# Voice ELI5
This notebook uses Azure Speech APIs and an OpenAI LLM via LangChain to answer questions for a 5 year old!

Running the last cell will listen for audio input from your microphone.

## Requirements:
### Libraries
- langchain
- azure-cognitiveservices-speech


### Environment Variables
- OPENAI_API_KEY  : Open AI API Key for LLM
- AZURE_COGS_KEY  : Azure Cognitive Services or Speech API key
- AZURE_COGS_REGION  : Azure Cognitive Services or Speech API region


# Speech SDK Functions

In [1]:
import os
import azure.cognitiveservices.speech as speechsdk

class SpeechAPI():
    def __init__(self, verbose=False):
        self.speech_config = speechsdk.SpeechConfig(subscription=os.environ["AZURE_COGS_KEY"], region=os.environ["AZURE_COGS_REGION"])
        self.speech_config.speech_recognition_language="en-CA"
        self.speech_config.speech_synthesis_voice_name='en-CA-LiamNeural'
        self.verbose = verbose

    def recognize_from_microphone(self):
        # Adapted from Speech to Text Quickstart: 
        # https://learn.microsoft.com/en-us/azure/cognitive-services/speech-service/get-started-speech-to-text?tabs=linux%2Cterminal&pivots=programming-language-python
        audio_config = speechsdk.audio.AudioConfig(use_default_microphone=True)
        speech_recognizer = speechsdk.SpeechRecognizer(speech_config=self.speech_config, audio_config=audio_config)
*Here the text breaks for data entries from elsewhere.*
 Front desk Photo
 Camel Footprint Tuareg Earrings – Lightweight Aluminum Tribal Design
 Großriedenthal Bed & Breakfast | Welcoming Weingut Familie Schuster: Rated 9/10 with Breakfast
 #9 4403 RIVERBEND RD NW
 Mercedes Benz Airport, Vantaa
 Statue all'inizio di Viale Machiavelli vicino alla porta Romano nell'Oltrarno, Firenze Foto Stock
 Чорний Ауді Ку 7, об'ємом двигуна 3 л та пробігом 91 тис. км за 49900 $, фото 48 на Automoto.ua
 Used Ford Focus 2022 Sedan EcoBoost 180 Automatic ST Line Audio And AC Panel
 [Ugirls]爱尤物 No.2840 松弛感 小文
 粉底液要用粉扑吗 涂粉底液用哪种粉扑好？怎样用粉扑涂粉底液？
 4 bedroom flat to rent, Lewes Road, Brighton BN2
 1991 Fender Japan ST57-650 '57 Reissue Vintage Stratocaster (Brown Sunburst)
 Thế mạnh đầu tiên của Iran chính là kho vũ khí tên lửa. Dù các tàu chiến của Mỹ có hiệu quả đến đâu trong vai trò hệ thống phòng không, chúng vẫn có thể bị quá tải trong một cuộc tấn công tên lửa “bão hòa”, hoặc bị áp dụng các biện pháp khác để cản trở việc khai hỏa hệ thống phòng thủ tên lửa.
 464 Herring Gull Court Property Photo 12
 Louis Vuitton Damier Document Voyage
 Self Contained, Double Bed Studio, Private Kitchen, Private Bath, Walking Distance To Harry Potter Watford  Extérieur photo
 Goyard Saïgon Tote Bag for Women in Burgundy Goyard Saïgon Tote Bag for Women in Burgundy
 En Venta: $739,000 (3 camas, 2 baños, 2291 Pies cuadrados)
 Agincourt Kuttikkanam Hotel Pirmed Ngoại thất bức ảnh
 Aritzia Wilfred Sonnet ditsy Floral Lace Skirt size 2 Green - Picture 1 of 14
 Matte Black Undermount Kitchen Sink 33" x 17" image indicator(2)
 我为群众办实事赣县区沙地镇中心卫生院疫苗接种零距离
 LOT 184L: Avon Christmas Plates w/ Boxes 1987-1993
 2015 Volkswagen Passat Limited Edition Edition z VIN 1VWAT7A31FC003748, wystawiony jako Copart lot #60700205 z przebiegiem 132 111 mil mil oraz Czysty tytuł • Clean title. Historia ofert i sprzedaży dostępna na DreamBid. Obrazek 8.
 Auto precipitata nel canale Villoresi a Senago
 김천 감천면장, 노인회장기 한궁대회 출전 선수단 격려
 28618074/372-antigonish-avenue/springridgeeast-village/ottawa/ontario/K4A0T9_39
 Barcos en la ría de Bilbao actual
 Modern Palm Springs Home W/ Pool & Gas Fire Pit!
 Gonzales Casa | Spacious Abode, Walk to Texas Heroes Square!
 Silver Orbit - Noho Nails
        print("Speak into your microphone.")
        speech_recognition_result = speech_recognizer.recognize_once_async().get()

        if speech_recognition_result.reason == speechsdk.ResultReason.RecognizedSpeech:
            if(self.verbose):
                print("Recognized: {}".format(speech_recognition_result.text))
            return speech_recognition_result.text
        elif speech_recognition_result.reason == speechsdk.ResultReason.NoMatch:
            print("No speech could be recognized: {}".format(speech_recognition_result.no_match_details))
        elif speech_recognition_result.reason == speechsdk.ResultReason.Canceled:
            cancellation_details = speech_recognition_result.cancellation_details
            print("Speech Recognition canceled: {}".format(cancellation_details.reason))
            if cancellation_details.reason == speechsdk.CancellationReason.Error:
                print("Error details: {}".format(cancellation_details.error_details))
                print("Did you set the speech resource key and region values?")

    def text_to_speech(self, text):
        # Adapted from Text to Speech Quickstart
        # https://learn.microsoft.com/en-us/azure/cognitive-services/speech-service/get-started-text-to-speech?tabs=linux%2Cterminal&pivots=programming-language-python
        audio_config = speechsdk.audio.AudioOutputConfig(use_default_speaker=True)

        speech_synthesizer = speechsdk.SpeechSynthesizer(speech_config=self.speech_config, audio_config=audio_config)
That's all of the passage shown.